InputStream resourceAsStream = getClass().getResourceAsStream("/resources/Blank.doc");
ByteArrayOutputStream bout = new ByteArrayOutputStream();
IOUtils.copy(resourceAsStream, bout);
resourceAsStream.close();
bout.close();
byte[] byteArray = bout.toByteArray();

t = System.currentTimeMillis();
for (int i = 0; i <20000; i++)
{
    Document doc = new Document(new ByteArrayInputStream(byteArray));
}
System.out.println(System.currentTimeMillis() - t);

Maybe this code is useful and could make it in a future release.

Best regards
Klemens Schrage

Hi Klemens,

Thanks for your suggestion. Please note that Aspose.Words for Java takes extra time when loading for the very first time. Please execute the following code snippet at your end and see the difference. Please let us know if you have any more queries.

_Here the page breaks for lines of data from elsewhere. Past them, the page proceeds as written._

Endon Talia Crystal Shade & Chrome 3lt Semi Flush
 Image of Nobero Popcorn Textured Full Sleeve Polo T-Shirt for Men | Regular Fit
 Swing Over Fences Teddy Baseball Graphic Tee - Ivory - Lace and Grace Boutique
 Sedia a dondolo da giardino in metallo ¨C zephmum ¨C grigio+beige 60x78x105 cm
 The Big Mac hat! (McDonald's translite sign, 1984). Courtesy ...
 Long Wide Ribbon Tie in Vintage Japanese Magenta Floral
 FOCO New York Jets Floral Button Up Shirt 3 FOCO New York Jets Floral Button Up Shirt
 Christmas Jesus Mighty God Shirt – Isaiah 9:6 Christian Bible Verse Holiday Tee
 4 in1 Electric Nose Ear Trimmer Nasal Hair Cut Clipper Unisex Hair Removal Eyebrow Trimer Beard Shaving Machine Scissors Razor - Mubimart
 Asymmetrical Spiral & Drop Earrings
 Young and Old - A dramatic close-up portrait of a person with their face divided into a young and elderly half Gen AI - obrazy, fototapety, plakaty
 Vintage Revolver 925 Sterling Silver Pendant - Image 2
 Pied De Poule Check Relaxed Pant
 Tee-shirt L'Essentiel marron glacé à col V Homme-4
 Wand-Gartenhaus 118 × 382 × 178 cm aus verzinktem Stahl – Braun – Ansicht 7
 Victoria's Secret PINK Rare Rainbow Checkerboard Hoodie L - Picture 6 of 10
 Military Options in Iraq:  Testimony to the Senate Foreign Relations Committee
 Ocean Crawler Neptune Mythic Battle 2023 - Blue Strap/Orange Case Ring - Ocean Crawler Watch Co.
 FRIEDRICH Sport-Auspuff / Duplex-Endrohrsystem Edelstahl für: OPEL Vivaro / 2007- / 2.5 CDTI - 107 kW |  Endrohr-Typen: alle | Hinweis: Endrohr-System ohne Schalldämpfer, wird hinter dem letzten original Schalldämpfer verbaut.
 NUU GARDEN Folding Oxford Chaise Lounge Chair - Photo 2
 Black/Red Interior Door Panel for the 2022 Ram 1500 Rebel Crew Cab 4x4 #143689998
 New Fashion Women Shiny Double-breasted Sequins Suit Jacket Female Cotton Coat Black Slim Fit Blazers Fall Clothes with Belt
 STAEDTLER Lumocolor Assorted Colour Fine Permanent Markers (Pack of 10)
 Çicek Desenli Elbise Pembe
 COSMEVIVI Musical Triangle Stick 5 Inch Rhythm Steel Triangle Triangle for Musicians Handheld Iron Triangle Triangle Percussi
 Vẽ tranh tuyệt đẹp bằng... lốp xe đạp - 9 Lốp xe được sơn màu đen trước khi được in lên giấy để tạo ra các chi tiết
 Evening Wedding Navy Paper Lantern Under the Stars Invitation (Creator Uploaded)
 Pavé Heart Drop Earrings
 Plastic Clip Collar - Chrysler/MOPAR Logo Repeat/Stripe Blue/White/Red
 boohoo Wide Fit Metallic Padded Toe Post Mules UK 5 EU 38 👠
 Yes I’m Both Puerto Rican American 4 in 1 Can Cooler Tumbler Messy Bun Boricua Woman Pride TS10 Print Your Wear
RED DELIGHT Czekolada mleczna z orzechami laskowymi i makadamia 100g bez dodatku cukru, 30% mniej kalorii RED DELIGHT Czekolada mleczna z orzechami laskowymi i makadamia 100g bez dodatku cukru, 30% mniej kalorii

for (int i = 0; i <100; i++)
{
    Long t = System.currentTimeMillis();
    Document doc = new Document();
    System.out.print(System.currentTimeMillis() - t);
    System.out.print(",");
}
System.out.println("==========================");
InputStream resourceAsStream = getClass().getResourceAsStream("/resources/Blank.doc");
ByteArrayOutputStream bout = new ByteArrayOutputStream();
IOUtils.copy(resourceAsStream, bout);
resourceAsStream.close();
bout.close();
byte[] byteArray = bout.toByteArray();
for (int i = 0; i <100; i++)
{
    Long t = System.currentTimeMillis();
    Document doc = new Document(new ByteArrayInputStream(byteArray));
    System.out.print(System.currentTimeMillis() - t);
    System.out.print(",");
}

Hi,

you are right with this. On my machine it took 312ms for the first “new Document()”. Nevertheless after pulling the first call out of the first loop I still see the second loop about 2 times faster than the first. I think jar verification and so on is a possible bottleneck in this situation.

Best regards
Klemens Schrage

Hi Klemens,

Please execute the following code snippet multiple times at your end and see the difference. Approximate time of loading document in the loop is same. Please decrease the loop count and check the difference. The loading time will be approximately same.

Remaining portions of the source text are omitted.